Elizabeth was born on 18 July 1880 at the army camp in Avor near Bourges in France, where her father was a captain.    She was baptised four days later on the Feast of St. Mary Magdalene, a fact which she treasured.    When she was 2½ her sister Marguerite, known as Guite, was born.   Elizabeth’s father died when she was only seven years old.   By this time the family was living in a camp in Dijon but after the captain died, they moved into a flat.   Elizabeth could see the Carmel of Dijon from her bedroom window.   She was very high spirited and given to fiery outbursts of anger when things did not go her way.   In 1891 Elizabeth received her First Holy Communion and it made a deep impression on her.   From this time on the Eucharist became the centre of Elizabeth’s life and it gave her the strength and determination she needed to make a real effort to overcome her rages.
When she was eight Elizabeth’s mother enrolled her in the Conservatoire, probably with the intention of preparing her to teach music.   Elizabeth practised the piano for several hours each day;  she was an exceptionally gifted pianist.   She often played in concerts and when she was thirteen she won first prize for her playing.   She could undoubtedly have gone on to become a concert pianist but God had other plans for her.
Around the time of her fourteenth birthday Elizabeth made a vow of virginity, as an act of total self-offering to God.   She had already felt the call to religious life and one day after receiving Holy Communion she became convinced God was calling her to Carmel.

first communion

Meanwhile she spent happy holidays with her mother and sister.   Elizabeth dressed in the latest fashions, enjoyed dances and loved walking in the country, where she appreciated all the beauties of creation.   She had a great gift for friendship and was popular with her peers but in everything God was at the centre.   She said that when she played the piano she forgot all about the audience and played only for Him.
Elizabeth had a natural gift for contemplative prayer, people remarked on her total stillness and said that she seemed ‘Lost in God’ but she was active in her parish too.   She taught catechism and ran a club for the children of workers in a tobacco factory;  she visited the sick and sang in the parish choir.

Elizabeth entered the Carmel of Dijon on 2 August 1901 and on 8 December  Feast of the Immaculate Conception, she was clothed in the Carmelite habit.

Elizabeth was full of joy as a postulant;  she found God everywhere, in her work as well as at prayer.   She loved the silence of her cell where she could listen to Him speaking to her in the scriptures.   Her novitiate year was not so smooth, as with her great desire for perfection she struggled with scruples.   Elizabeth lived  in pure faith, during her novitiate;  it was a purification which strengthened her and gave her courage.   Mother Germaine, at 31 was Elizabeth’s prioress and novice mistress.   She understood Elizabeth and emphasised the way of confidence in the merciful love of God, as expressed by Thérèse of Lisieux in her Story of a Soul, which had been sent to the Carmels as Thérèse’s obituary circular about three years before Elizabeth entered.

Elizabeth made her Profession as a Carmelite on J11 January 1903 and on 21 January, the Feast of St.
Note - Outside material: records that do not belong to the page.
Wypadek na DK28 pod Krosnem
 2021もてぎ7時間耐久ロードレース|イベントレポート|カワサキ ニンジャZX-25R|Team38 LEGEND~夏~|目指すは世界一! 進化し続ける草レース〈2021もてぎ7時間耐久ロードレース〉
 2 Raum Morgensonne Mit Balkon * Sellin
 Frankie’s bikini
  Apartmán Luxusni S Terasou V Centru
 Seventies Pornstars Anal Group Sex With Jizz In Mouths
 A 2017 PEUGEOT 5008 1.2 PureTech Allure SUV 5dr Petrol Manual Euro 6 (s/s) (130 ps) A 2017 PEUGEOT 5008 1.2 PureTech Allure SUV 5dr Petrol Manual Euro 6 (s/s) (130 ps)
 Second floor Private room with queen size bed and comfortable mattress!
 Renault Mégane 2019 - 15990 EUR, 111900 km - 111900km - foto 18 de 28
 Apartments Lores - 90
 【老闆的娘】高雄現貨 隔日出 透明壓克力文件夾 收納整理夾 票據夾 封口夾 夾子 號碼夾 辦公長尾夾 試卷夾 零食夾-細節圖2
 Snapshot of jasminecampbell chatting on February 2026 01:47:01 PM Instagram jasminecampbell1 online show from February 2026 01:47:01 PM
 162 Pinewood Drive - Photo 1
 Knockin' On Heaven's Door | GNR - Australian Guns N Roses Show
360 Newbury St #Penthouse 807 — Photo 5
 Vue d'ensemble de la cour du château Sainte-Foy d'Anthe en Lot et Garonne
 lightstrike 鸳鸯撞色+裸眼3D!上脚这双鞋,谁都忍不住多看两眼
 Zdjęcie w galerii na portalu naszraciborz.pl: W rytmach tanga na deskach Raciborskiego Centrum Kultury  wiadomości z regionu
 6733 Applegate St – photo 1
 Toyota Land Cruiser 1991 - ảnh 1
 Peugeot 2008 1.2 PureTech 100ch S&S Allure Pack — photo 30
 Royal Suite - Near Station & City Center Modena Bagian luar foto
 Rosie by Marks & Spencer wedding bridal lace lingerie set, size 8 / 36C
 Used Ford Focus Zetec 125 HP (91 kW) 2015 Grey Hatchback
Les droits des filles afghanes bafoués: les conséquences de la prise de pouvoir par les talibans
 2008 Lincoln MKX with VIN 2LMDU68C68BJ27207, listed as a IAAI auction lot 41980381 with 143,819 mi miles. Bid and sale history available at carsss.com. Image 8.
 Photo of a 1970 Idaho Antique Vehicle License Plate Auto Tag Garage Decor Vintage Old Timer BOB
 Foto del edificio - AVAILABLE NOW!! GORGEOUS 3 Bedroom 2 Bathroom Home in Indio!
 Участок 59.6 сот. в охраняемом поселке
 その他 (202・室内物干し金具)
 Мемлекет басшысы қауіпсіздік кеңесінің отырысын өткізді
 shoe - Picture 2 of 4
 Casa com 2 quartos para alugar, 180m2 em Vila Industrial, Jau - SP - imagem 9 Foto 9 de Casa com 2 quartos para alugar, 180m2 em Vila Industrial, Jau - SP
Agnes, she received the black veil in a public ceremony.
Elizabeth shared in her sister’s joy when she married and again later when she had her first two children.   Seeing her sister so happy and devoted to her husband, made Elizabeth reflect on her role as spouse of Christ.   She wanted to love Him with an undivided heart, to stay with Him all the time in deep communion; to share in His redemptive suffering and prayer and so become fruitful, by nourishing others and drawing them to Him.

Elizabeth’s horizons were expanding; as she pondered the scriptures she felt she was being transformed into another humanity for Christ, an idea which she developed from Paul’s text ‘It is no longer I who live but Christ lives in me’.  She had an intuitive grasp of the ‘universal call to holiness’ long before it was named in the Church.st elizabeth - carmel

Elizabeth also had a strong awareness of the indwelling of the Trinity.   She often called the Trinity ‘My Three’ and had an intimate relationship with Father, Word and Spirit, as she usually called them.   Later she discovered her vocation to be a ‘Praise of glory’ and sometimes she even signed herself by this name.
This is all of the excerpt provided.